Companies continue to see whistle blowers as more of a threat than something to be embraced and we continue to see a lot of retaliation. Though this may be about to change in the new Zimbabwe, as we continue to see more encouragement by the government.

Chapter 4 of the National Code on Corporate Governance (“ZimCode principle”) Clause 259 (g), recommends that the board should, provide employees with the opportunity to voice their concerns outside the line management but within the company structures.

Principle 260 also notes that whistle blowers should be able to take their concerns to the person designated to manage the whistle-blowing procedure.

The person designated to receive, investigate and act upon complaints reported should either be an internal auditor, a company secretary or a professional body such as a firm of accountants.

However, employees who make false claims allegations should be subjected to disciplinary measures which should be made known to the employees in advance

Clause 257 of the Public Sector Corporate Governance Bill (“the Bill”) clearly states that there is a strong connection between corporate governance and whistle blowing.

Furthermore, clause 205 addresses the need for entities to have whistle-blowing procedures documented and a copy should be given to every employee.
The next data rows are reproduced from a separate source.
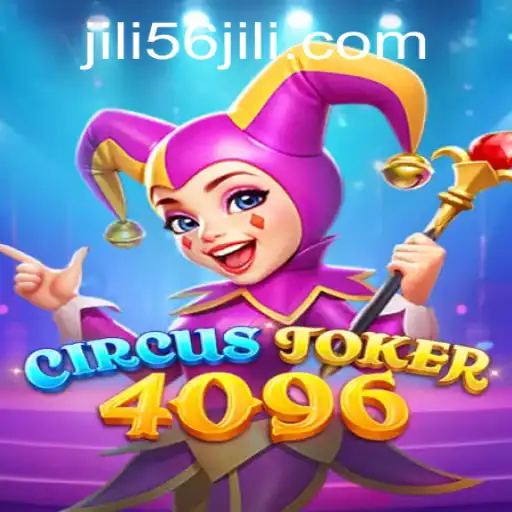 Explore the Exciting World of CircusJoker4096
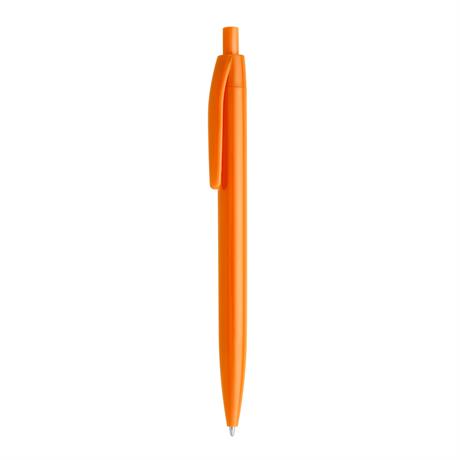 Pix ATM STIX – 8010 pentru personalizare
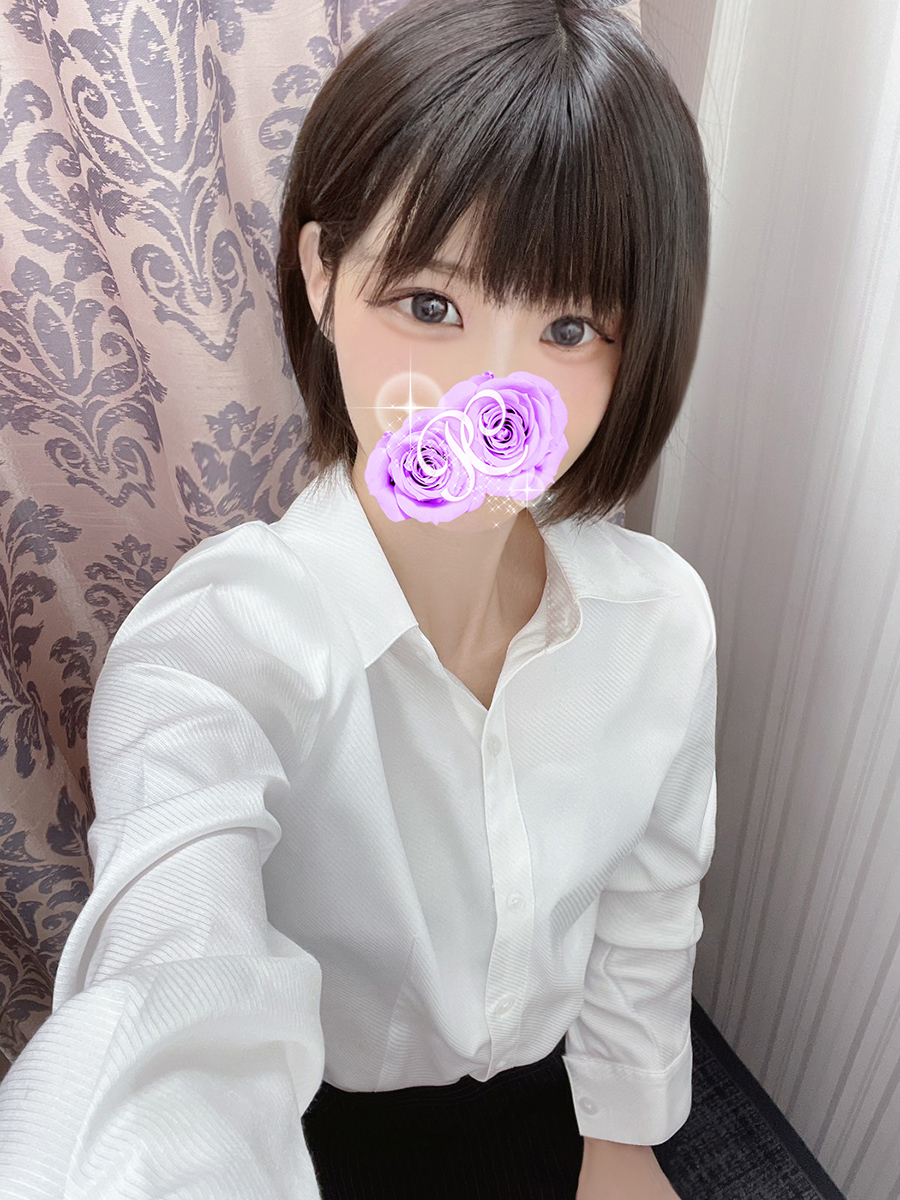 夏美 りょう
The procedure must state examples of the type of misconduct for which employees should use the set procedure and indicate the level of proof required to sustain allegations.

There is need for a policy for legal protection of whistle-blowers.

The policy should include a statement providing assurance of protection from victimisation, including harassment, retaliation or adverse employment consequences, for whistle blowing in good faith as recommended in Chapter 4, Section 259 of the ZimCode.

Whistle-blowers usually face possible civil liability if their complaints turn out to be wrong, even though they may have reported concerns in good faith and with reasonable belief. A whistle blowing policy should, as best as possible, provide the necessary protection to employees under such circumstances.

The policy should also state that those found to have taken retaliation actions or victimised the whistle-blower will face disciplinary action, including the possibility of dismissal. It should also state that malicious allegations may result in disciplinary action.

While the country has adopted the Zimcode, adherence to it has not been legally enforced. If this corporate governance tool is efficiently utilised, it can be a saviour for protecting stakeholders and the larger public interests.

Also, it can be a key success factor for survival of corporates by curbing and reporting corporate fraud, which earlier used to go unreported. Therefore norms of corporate governance are not merely to be complied with but to be adopted as a day to day practise of all organisations.